(Collection entries)

▬▬▬▬▬▬

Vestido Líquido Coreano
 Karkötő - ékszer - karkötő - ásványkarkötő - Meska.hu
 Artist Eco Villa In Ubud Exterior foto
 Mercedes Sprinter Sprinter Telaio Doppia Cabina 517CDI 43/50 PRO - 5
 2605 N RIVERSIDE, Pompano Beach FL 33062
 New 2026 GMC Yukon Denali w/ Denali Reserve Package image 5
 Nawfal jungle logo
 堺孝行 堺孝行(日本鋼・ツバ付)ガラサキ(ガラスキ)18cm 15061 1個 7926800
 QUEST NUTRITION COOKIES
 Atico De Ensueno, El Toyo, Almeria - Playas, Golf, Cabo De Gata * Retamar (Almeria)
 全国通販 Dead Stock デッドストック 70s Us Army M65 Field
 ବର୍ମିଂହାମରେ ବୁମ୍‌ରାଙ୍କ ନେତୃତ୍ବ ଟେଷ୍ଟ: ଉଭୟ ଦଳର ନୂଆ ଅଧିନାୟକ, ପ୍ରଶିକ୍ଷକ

▬▬▬▬▬▬

— EXERCISE DESCRIPTION —
This exercise calls for the entries to be restated exactly.

— WRITTEN REPLY —
Vestido Líquido Coreano
 Karkötő - ékszer - karkötő - ásványkarkötő - Meska.hu
 Artist Eco Villa In Ubud Exterior foto
 Mercedes Sprinter Sprinter Telaio Doppia Cabina 517CDI 43/50 PRO - 5
 2605 N RIVERSIDE, Pompano Beach FL 33062
 New 2026 GMC Yukon Denali w/ Denali Reserve Package image 5
 Nawfal jungle logo
 堺孝行 堺孝行(日本鋼・ツバ付)ガラサキ(ガラスキ)18cm 15061 1個 7926800
 QUEST NUTRITION COOKIES
 Atico De Ensueno, El Toyo, Almeria - Playas, Golf, Cabo De Gata * Retamar (Almeria)
 全国通販 Dead Stock デッドストック 70s Us Army M65 Field
 ବର୍ମିଂହାମରେ ବୁମ୍‌ରାଙ୍କ ନେତୃତ୍ବ ଟେଷ୍ଟ: ଉଭୟ ଦଳର ନୂଆ ଅଧିନାୟକ, ପ୍ରଶିକ୍ଷକ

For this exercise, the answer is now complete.